Confira a resenha de Cláudia Nina do livro "A mortalha" de Matheus Acaro e seus pensamentos sobre a dificuldade de escrever sobre o amor.
Redação | 17 de Dezembro de 2018 às 17:00
Existe uma matéria difusa e muito difícil de se tocar com a escrita que é o amor. Sigo o pensamento na direção de como é penosa a tarefa de descrever um encontro físico entre dois amantes, por exemplo, sem parecer ridículo, tosco ou acanhado.
Outro dia descobri um conto que me pareceu uma explicação teórica (a partir da ficção) sobre os motivos que rondam a dificuldade de um autor escrever o erótico. Achei que poderia funcionar em uma oficina literária, por exemplo, em que fossem explicitados os maiores obstáculos para se alcançar um objetivo específico dentro de um tema. Da mesma forma como é difícil escrever um conto de ficção científica, por exemplo; há que se conhecer as técnicas para evitar a fácil ridicularização.

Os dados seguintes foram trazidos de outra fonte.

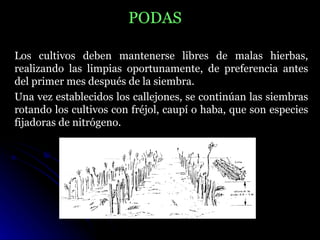 PODAS

Los cultivos deben mantenerse libres de malas hierbas,
realizando las limpias oportunamente, de preferencia antes
del primer mes después de la siembra.
Una vez establecidos los callejones, se continúan las siembras
rotando los cultivos con fréjol, caupí o haba, que son especies
fijadoras de nitrógeno.
 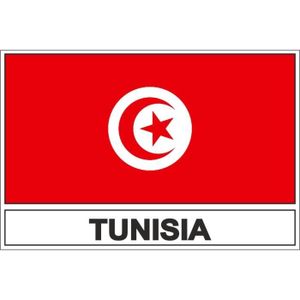 4 x Autocollant sticker voiture moto valise pc portable drapeau tunisie tunisien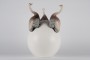 Huevo Avestruces (Egg Ostriches)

Pensando bem: em tudo o que se escreve, é muito mais curto o caminho que leva ao clichê, o que é uma obviedade, mas nem todo autor se dá conta disso.

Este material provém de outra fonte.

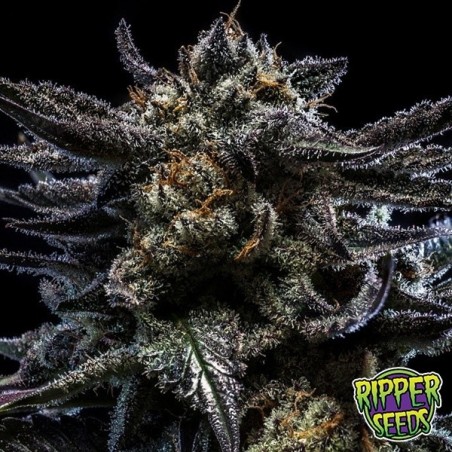 Zombie Kush Auto de Ripper Seeds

Voltando ao encontro erótico. O conto de que falei está em um livro de um autor de estilo interessante que aborda temas diversos, do nascimento, passando pela velhice doente e chegando à morte (“Demétrio” é excelente). Entre os contos, está este que se chama “Palavras mudas”, que narra os encontros de um casal durante quatro anos, em um motel, em um “beco penumbroso”.

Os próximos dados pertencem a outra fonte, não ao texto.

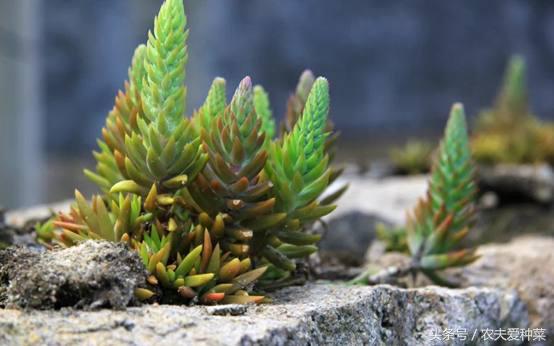 农村瓦房顶上常见多肉,瓦房顶上开小黄花的多肉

A ideia do conto é a de que os amantes não se falam, apenas se tocam. Quando um deles decide romper o código do silêncio, os encontros deixam de acontecer.
O trecho que narra o começo de tudo: “Assim que ele ergueu a cabeça, os quatro olhos se misturaram. Ela se levantou, caminhou – o coração dele a gritar –, prendeu-o pelo pescoço e o beijou. Um beijo que ele não sabia caber dentro de alguém. Repetiram a transcendência boas vezes até que ela o pegou pela mão – ele deixou-se ir como uma pena presa a uma linha fina –, pagou as duas contas e, poucos passos, entrou no motel.”
O interessante é que não há descrição alguma da intimidade do encontro, embora se saiba que, ao som de Belchior, “tudo é permitido”. A ideia de que, quando o momento é tocado pela palavra, tudo desmorona é algo bem apropriado. Dizer sem dizer é o grande desafio de um conto que toca o erótico pelo silêncio. Acredito que o mesmo vale para quando se busca escrever sobre o amor – se falar demais, atrapalha. A procura por uma linguagem que explique sem dizer é, aliás, um desafio literário.
Afinal, para falar o óbvio, gastam-se sempre palavras demais. Quanto desperdício.
Por Claudia Nina, jornalista e escritora, autora, entre outros, de Paisagem de porcelana (Rocco).